The American duo, who have reflected on their luck of being in charge of the Champions League Finallists after barely four months in charge, as comparable to taking over an MLB team a week before the World Series, have been their usual PR savvy selves about this ticketing crisis, though Tom Hicks' clumsy comparison of the Liverpool brand to that of Weetabix hasn't helped either.

No amount of PR can hide the fact that there will be many thousands of ticketless Liverpool fans, and the rumour that Milan have sent back tickets has added to the sense of injustice. Though the talk of 2,000 being returned was dismissed by a Milan press officer as actually being around 50, this story reflects the fact that no other country's fans travel in the numbers that British ones do.

Like Manchester United in 1999, Celtic in 2003 and Liverpool themselves two years ago, there seems little doubt that this cradle of the civilised ancient world will have its metro system, its bars and its taxi drivers all fully employed by those of a red scouse persuasion. And come the morning of the match, many were queued up at the stadium in the hope of grabbing hold of one of those perhaps non-existent spare tickets.

Those Liverpool fans out drinking on Tuesday night were only too happy to remind any Chelsea or Manchester United fans of their presence in yet another final. Although many in sobriety would admit that 'five times' becoming 'six times' looks as tall an order as four becoming five did pre-match in Turkey. Though perhaps not as difficult as it did at half-time in Istanbul's own 'Olympic' Stadium.

Another man who may be looking back on two years ago is one who limped out early in that match. Harry Kewell may yet have a role to play as his stop-start career lands him, in two years, the chance to play in 2005's final, last year's World Cup and then this year's showpiece with little football in between.
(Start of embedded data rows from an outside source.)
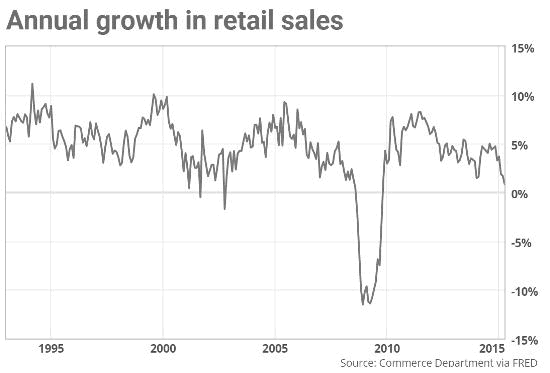 Annual growth in retail sales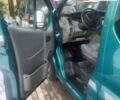 Зеленый Рено Трафик, объемом двигателя 1.9 л и пробегом 440 тыс. км за 7500 $, фото 21 на Automoto.ua
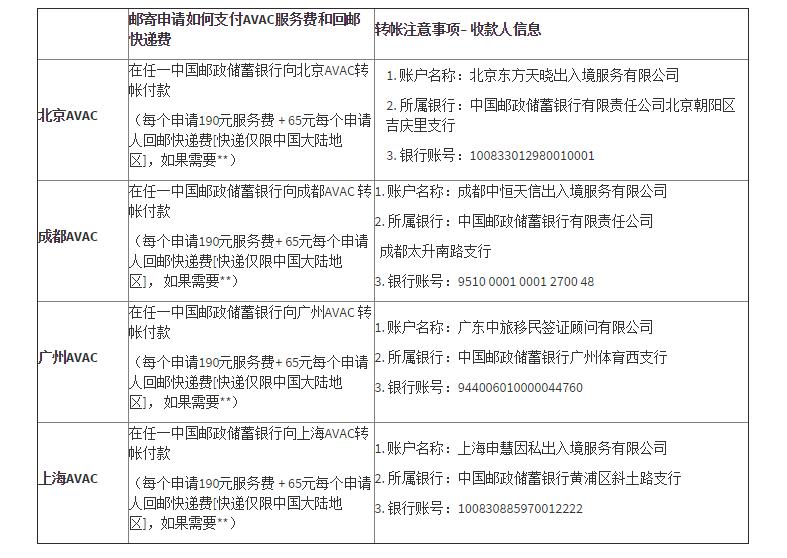 澳大利亚访客600签证-家庭主妇house wife~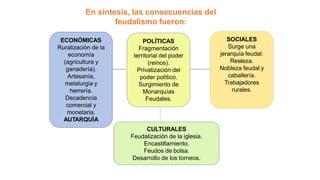 En síntesis, las consecuencias del
feudalismo fueron:
ECONÓMICAS
Ruralización de la
economía
(agricultura y
ganadería).
Artesanía,
metalurgia y
herrería.
Decadencia
comercial y
monetaria.
AUTARQUÍA
SOCIALES
Surge una
jerarquía feudal:
Realeza.
Nobleza feudal y
caballería.
Trabajadores
rurales.
POLÍTICAS
Fragmentación
territorial del poder
(reinos).
Privatización del
poder político.
Surgimiento de
Monarquías
Feudales.
CULTURALES
Feudalización de la iglesia.
Encastillamiento.
Feudos de bolsa.
Desarrollo de los torneos.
A sizeable Australian contingent of Reds fans made sure that his rarely-heard anthem, to the tune of Boney M's 'Daddy Cool', was heard as last night drew to a close.

Those feeling the Ides of Istanbul most strongly will be the Milan team, staying out by the coast, who have looked, to those staying at their hotel, relaxed and confident ahead of their revenge mission of all missions.

While this is an ageing team, this being over-40 and probable sub Alessandro Costacurta's last involvement with the Rossoneri and perhaps Paolo Maldini's last chance to add to the four winners' medals he took in 1989, 1990, 1994 and 2003. Athens holds better memories for Silvio Berlusconi's side, for it was here they destroyed Barcelona's 'Dream Team' 4-0 in 1994.

Of course, only Maldini remains from that night, as Costacurta missed that final through suspension, as he did the World Cup Final of that year, but the club and its fans will be trying to summon the spirit of that night. And not of 25th May 2005.

They know, in Kaka, they have the continent's pre-eminent player, and in Gattuso and Pirlo two World Cup winners who can negate Alonso and Gerrard and a defence experienced enough to deal with a hardly prolific attack.

Yet there will be doubt and bad memories in the back of their minds. And Liverpool, with those fans who make it to the stadium, their canny Spanish manager and a mode of play that makes them exceedingly difficult to play against will be trying to plant the seeds of doubt that flowered in Istanbul.

Perhaps only after the cup has been lifted after a classic encounter will Athens 2007 throw off the shackles of its rival city from across the Aegean Sea.